Which brings us to the end of the player-side class demesnes. I do wish these were a little less over the top in power, because staging a challenge means it’s a bigger fight where the PC of that demesne gets most of that session’s spotlight time. I’m sure it’s fine in Matt’s style (I’ve watched only a few of his YouTube videos, so I don’t grok that style yet), but it would be rough in my style. They’re definitely appealing as a player and make you want to get involved in building a stronghold. Much like Birthright, you really don’t want to be the one party member who doesn’t (yet?) have a demesne, though.

Villain Strongholds

I’m going to cover this section fairly quickly, because it’s just one page. Villains don’t get a 12-class breakdown. Instead, there are three “classes” of villains, at least vis-à-vis demesnes: necromancer, shaman, and warlord. Their minions likewise have three types: mindless servants, rampaging hordes, and tactical phalanxes. Minion type and villain type aren’t deliberately connected.

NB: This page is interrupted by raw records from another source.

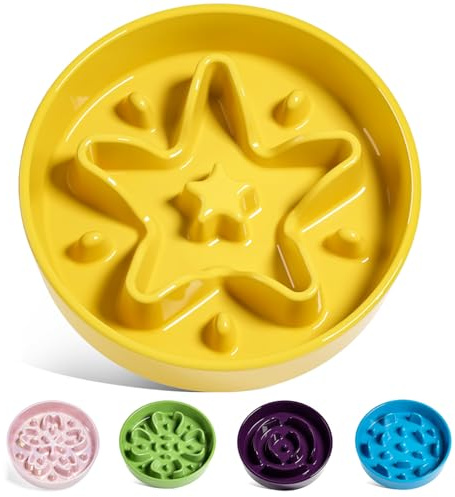 LE TAUCI Hundenapf aus Keramik, Antischlingnapf für Mittelgroße und Kleine Hunde, Langsam Fressen und Spaß für den Hund, Fressnapf mit Rutschfestem Design (Sterngelb, M-675 ml)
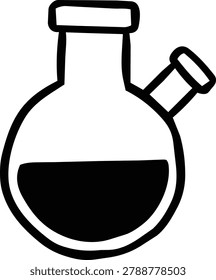 Simple test tube with black liquid inside. Clear glass container holds dark substance. Cap seals the top securely. Lab or scientific setting implied. Ideal for medical or research visuals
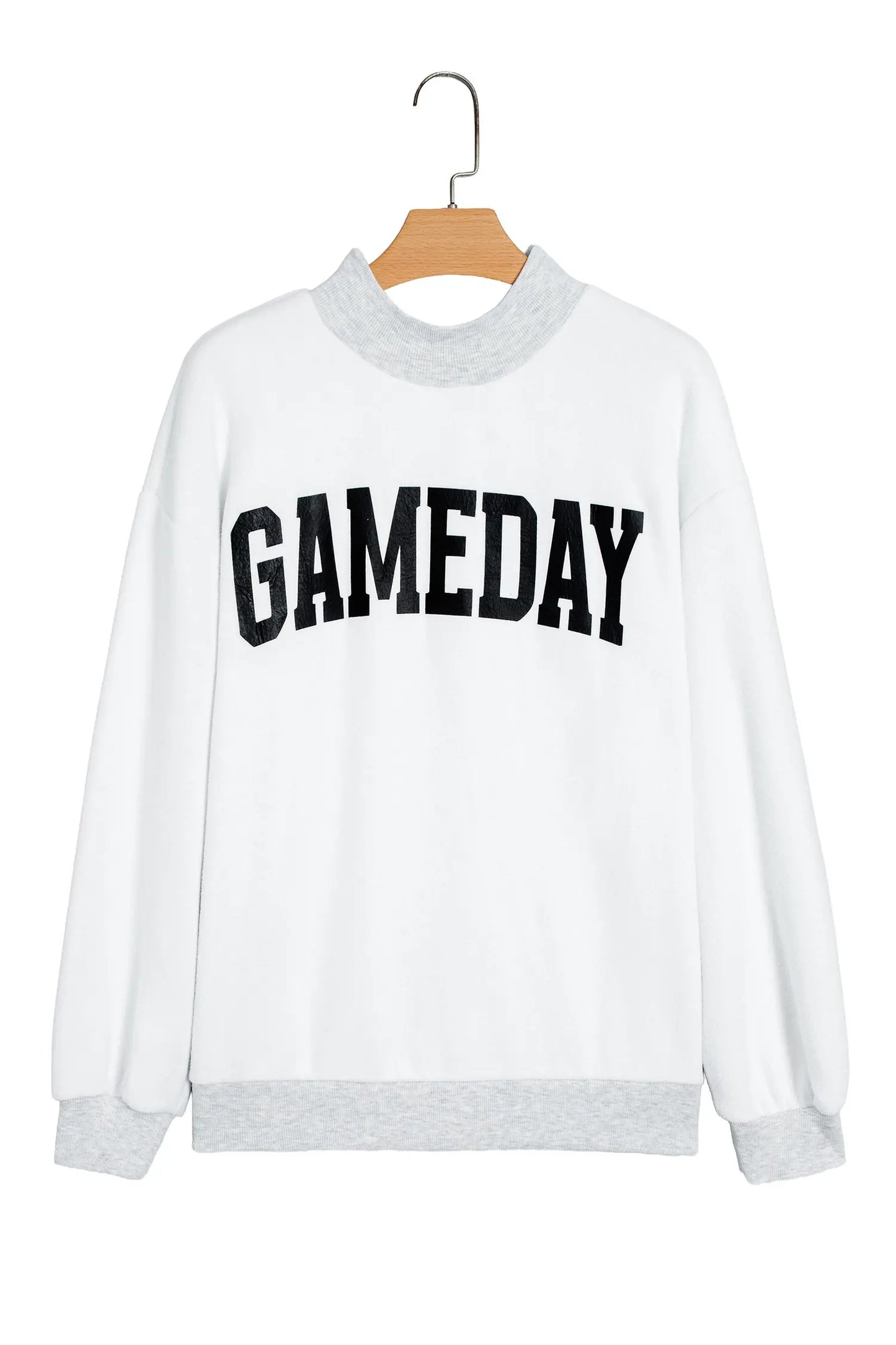 Light Grey High Neck GAMEDAY/ FOOTBALL Double Side Printed Reversible Sweatshirt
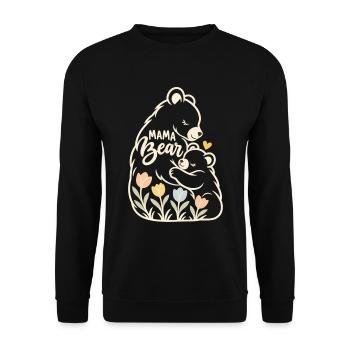 Minimales Tulpen-Mama-Leben Süße Mama-Bär - Unisex Pullover - Schwarz - Vorne - Alina (178cm) & Michal (187cm)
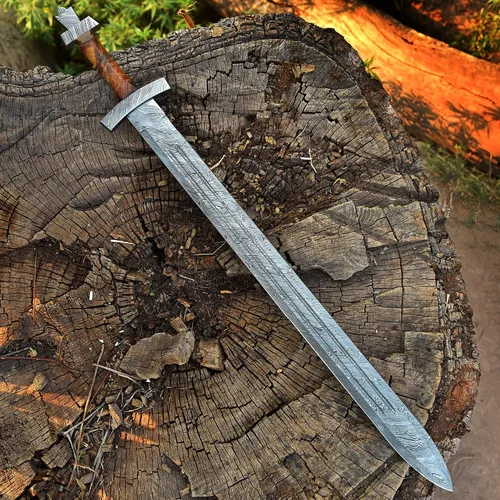Vista 8 de Damascus Broad Sword Damascus Sword Handcrafted Damascus Steel Blade with Leather Sheath Thoughtful Luxury Gift for Special Occasions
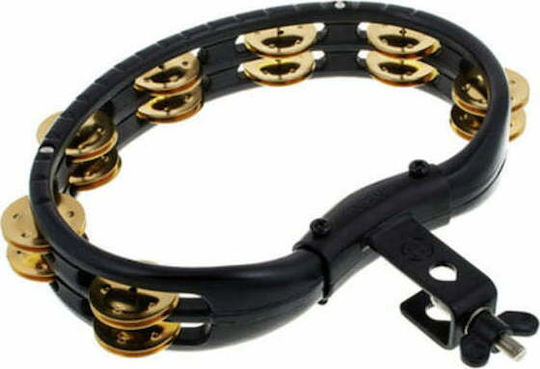 Meinl Traditional ABS Brass Jingles Black Plastic Hi-Hat Tambourine with Double Row Jingles
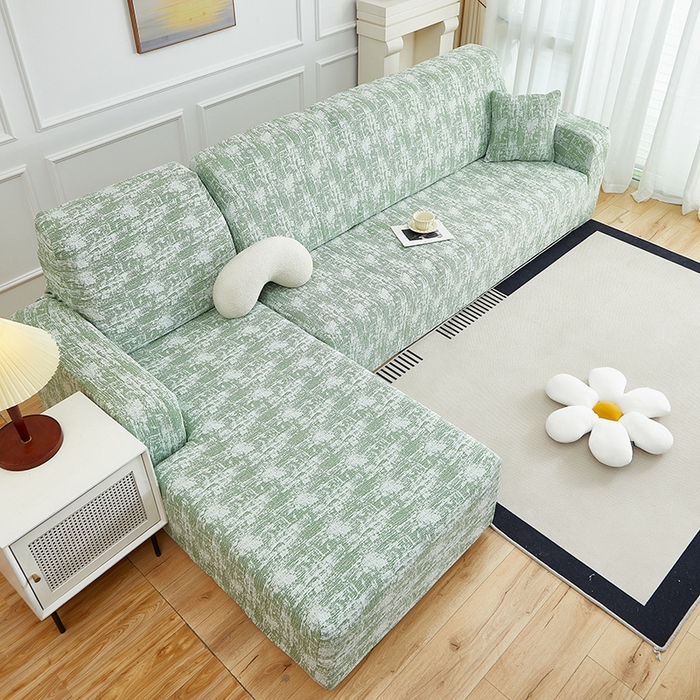 91家纺网 家纺一手货源 找家纺 丝绮鹿 2025新款仿麻雪尼尔松紧款沙发套-流景（贵妃图） 流景-宝石绿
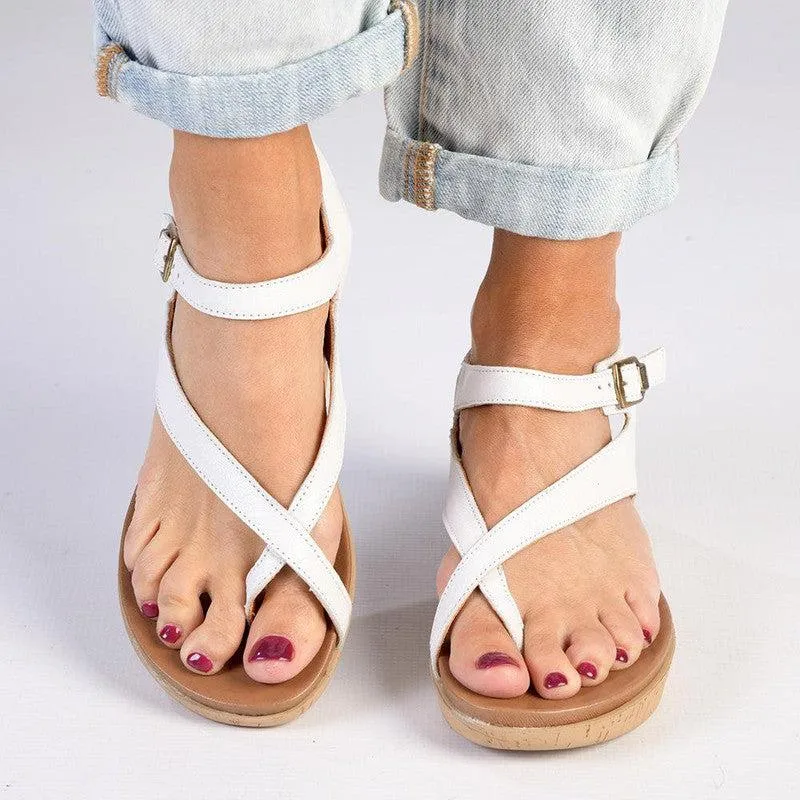 Tsonga Umnyango Leather Cork Wrap Sandals - White Cayak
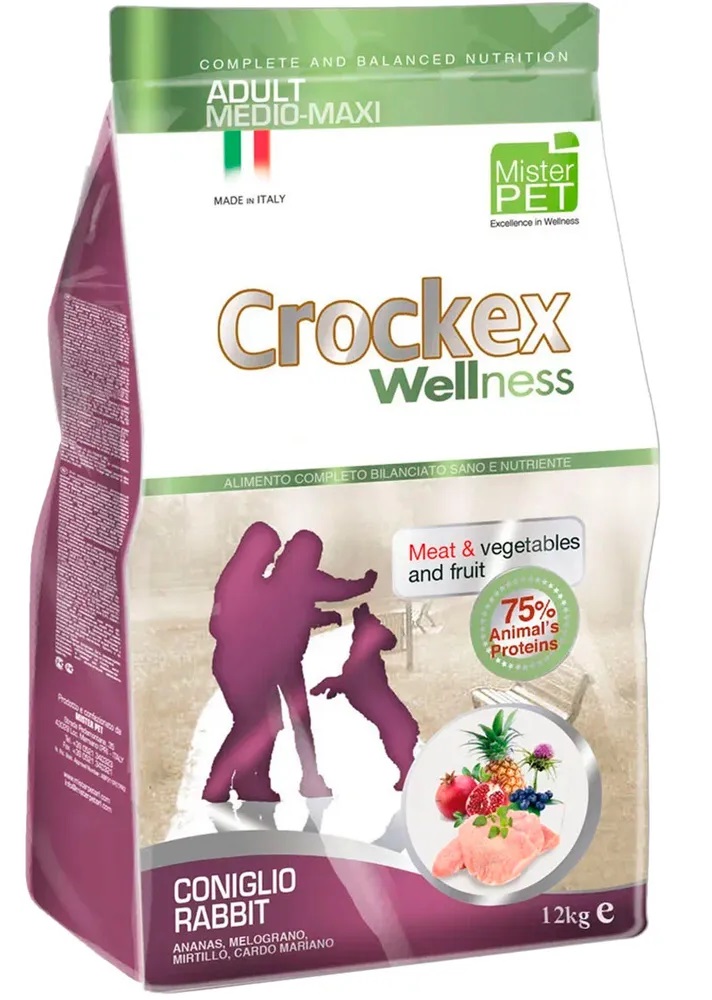 фото Сухой корм для собак crockex wellness adult medio-maxi, кролик, рис, 12кг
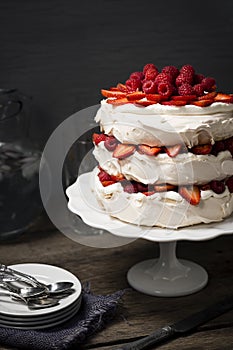 Pavlova, Meringue Cake with Fruit and Whipped Cream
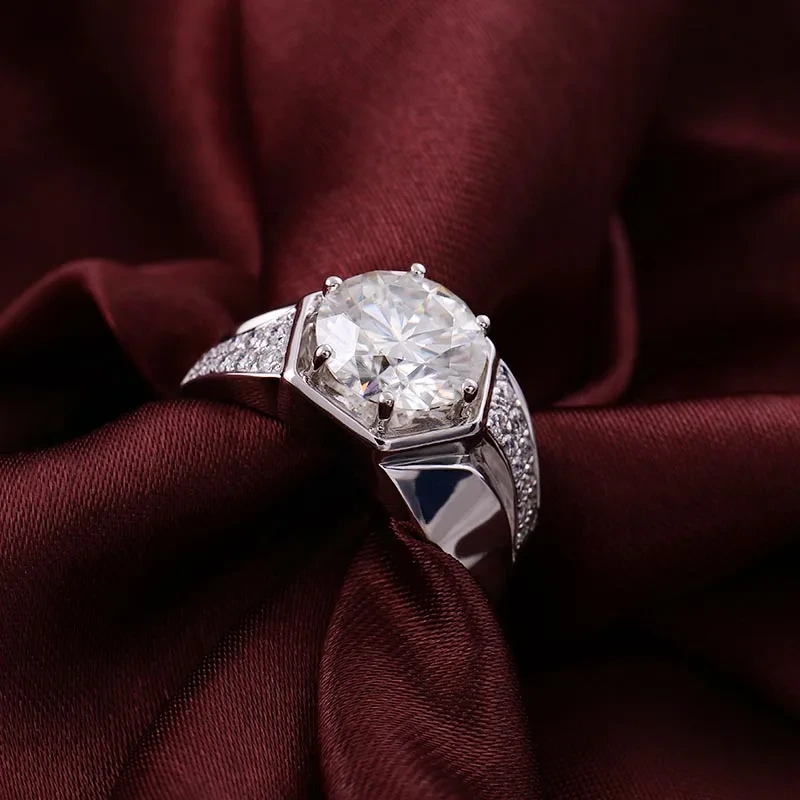 Joyas de moda Sterling S925 Moissanite Diamond 3CT Center 6Prongs Hombres anillo de boda chapado en oro para novio 1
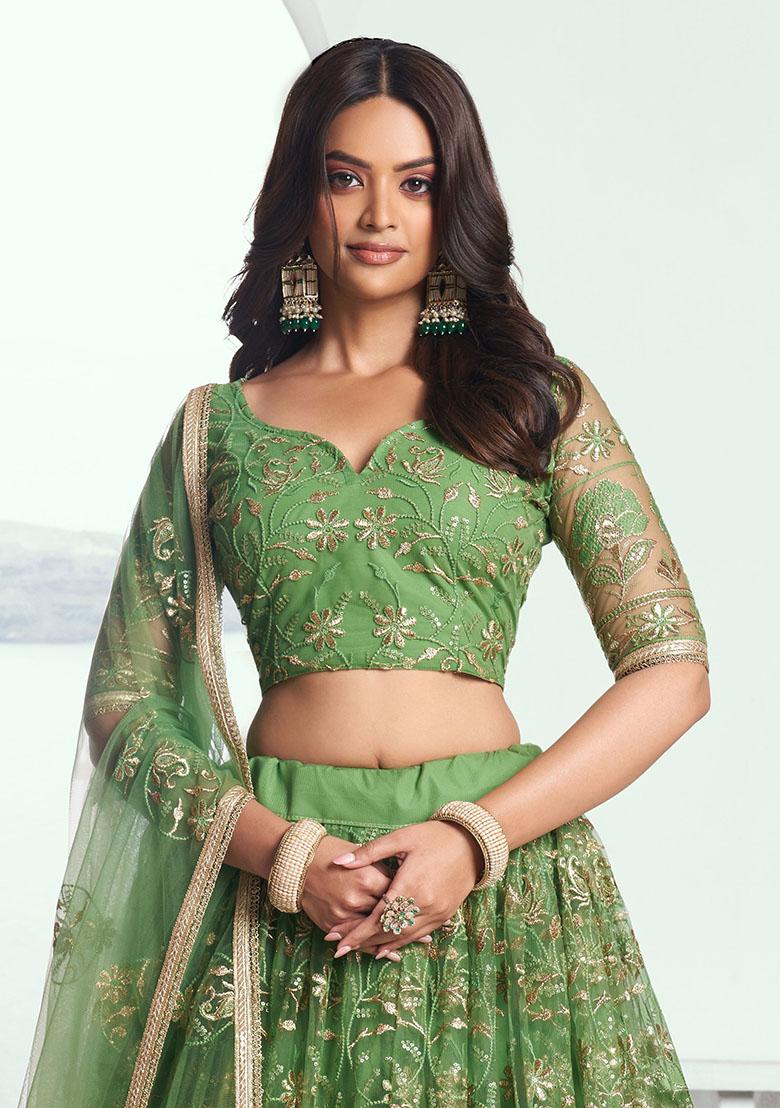Green Embroidered Net Lehenga Set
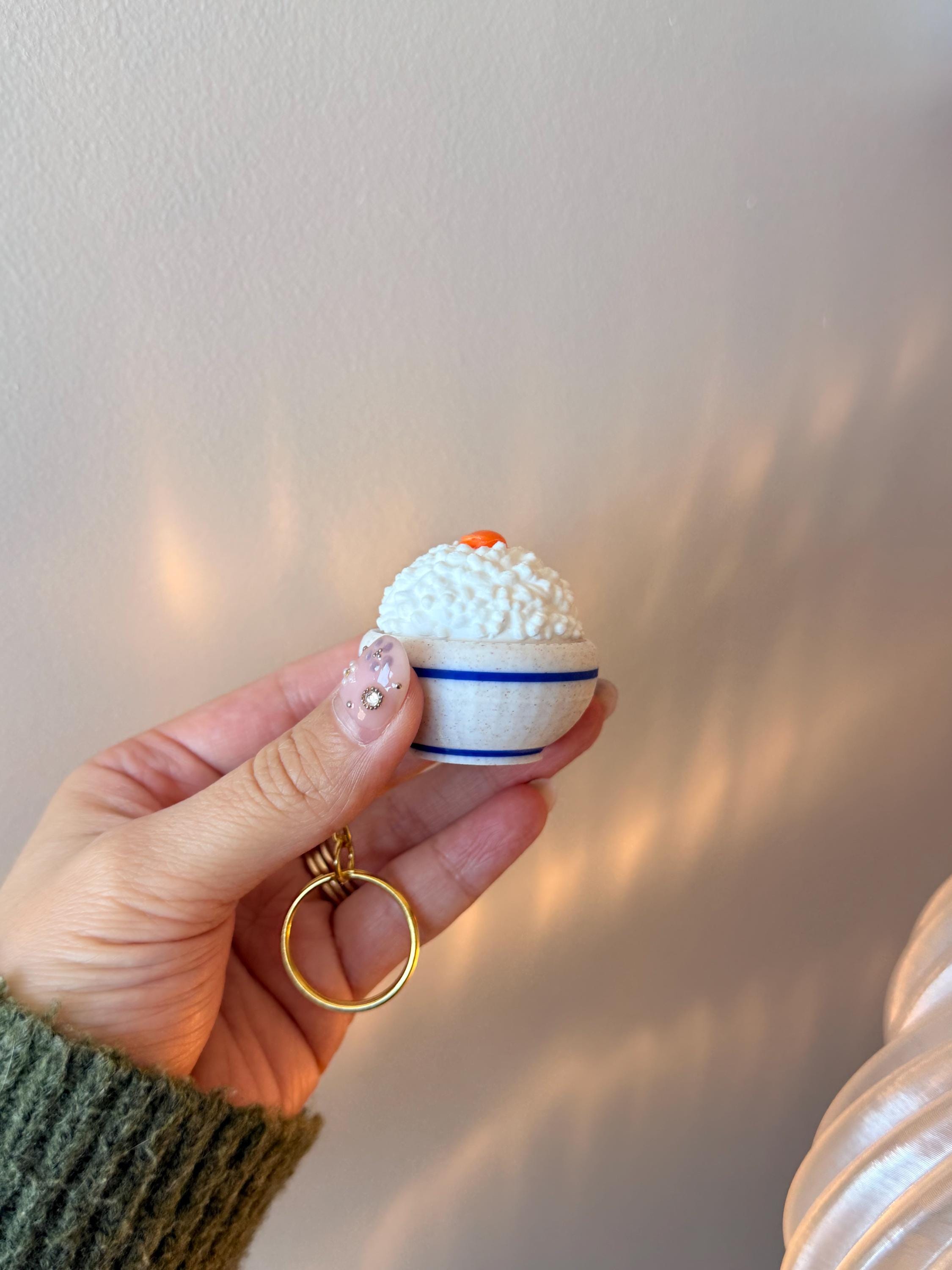 Rice With Egg Fidget Keychain | 3D Printed Tamago Gohan Bowl Accessory __etsy:7828019711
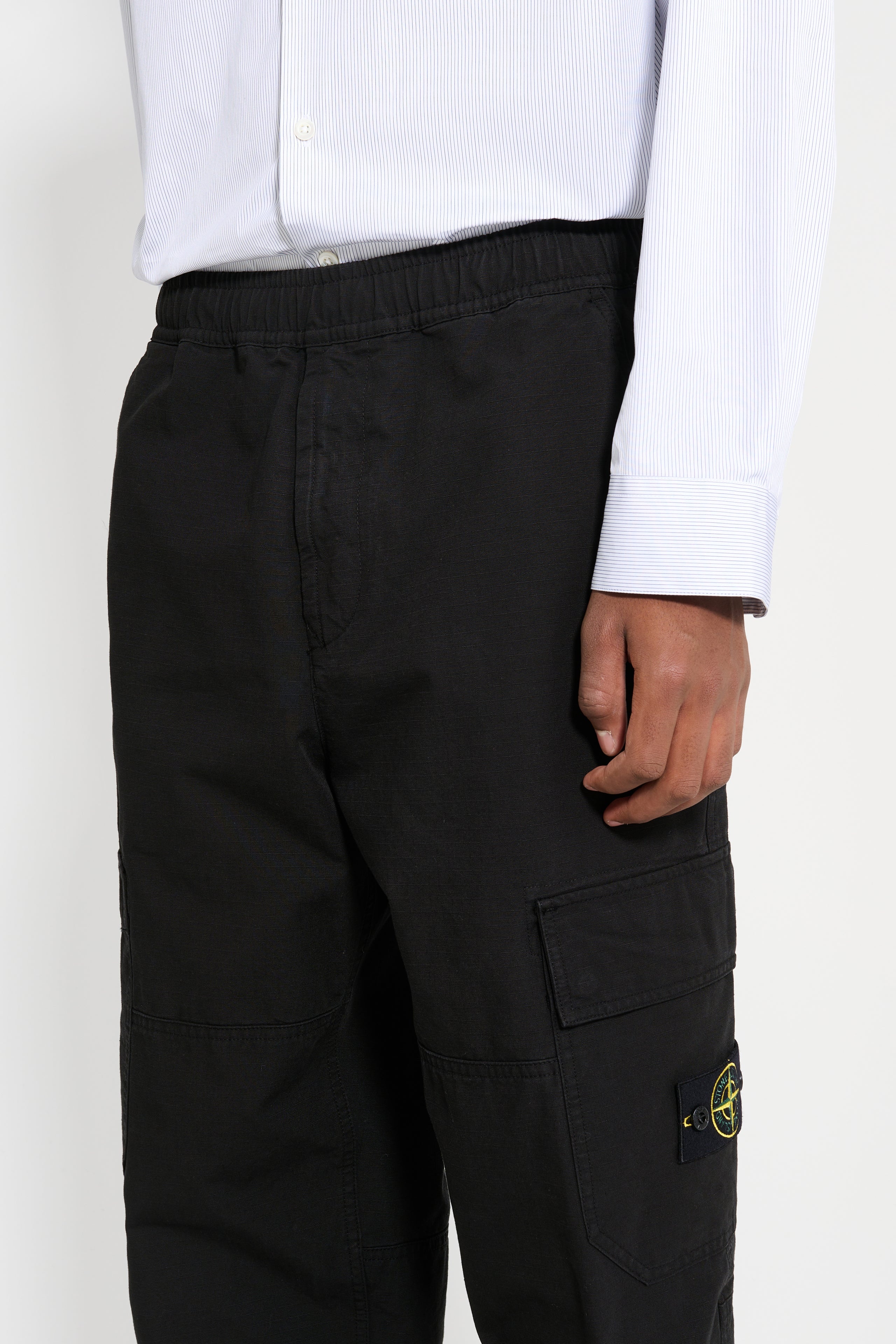 STONE ISLAND RELAXED PANTS BLACK - 4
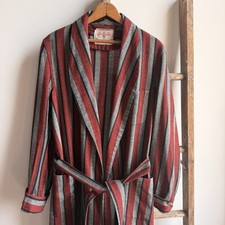VTG 1950s State O Maine Wool Belt Robe Red Stripe Sz 40 Medium Perfect Condition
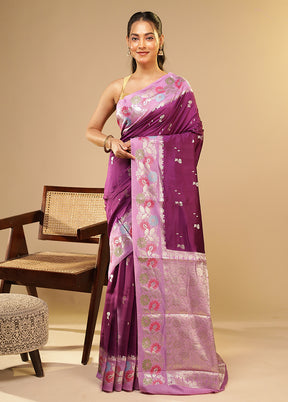 Purple Dupion Silk Saree With Blouse Piece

It’s hard to tell how hard you’d have to hit a PC stronghold with a villain and minions to get anywhere with presenting a threat. The abilities offered here are cool, but not remotely similar to the scale of player abilities. The stronghold-versus-stronghold exploration play that the text proposes does sound like a lot of fun, at least.

Special Allies

There’s a great table of special allies, sorted by alignment. Sorting anything by alignment is a curious decision in 5e, but okay. The idea of gaining a young or adult dragon as an ally is fun, but the terms of “alliance” are much trickier, as the text suggests. You don’t so much give orders as tell them your plans and hope for the best. In fairness, the players in my campaign sort of have a copper-green dragon ally, now that they went to the trouble of bringing him back from death after killing him. (Dragons in my campaign are all chromatic-metallic mixes and alignment-ambiguous.) All relationships have their problems.

Anyway, powerful creatures that you can go have a conversation with to see if they can help you never really gets old, as long as they’re not so motivated to help that they solve your problems for you. Adult dragons, storm giants, and the like are more patron than ally until mid-late play, I would expect.

Conclusion

I don’t want to be unfair to this text, because I still haven’t read the whole book thoroughly. The mechanics of this section seem unpolished to me, which is unfair – that’s my association with vastly powerful abilities handed out unevenly.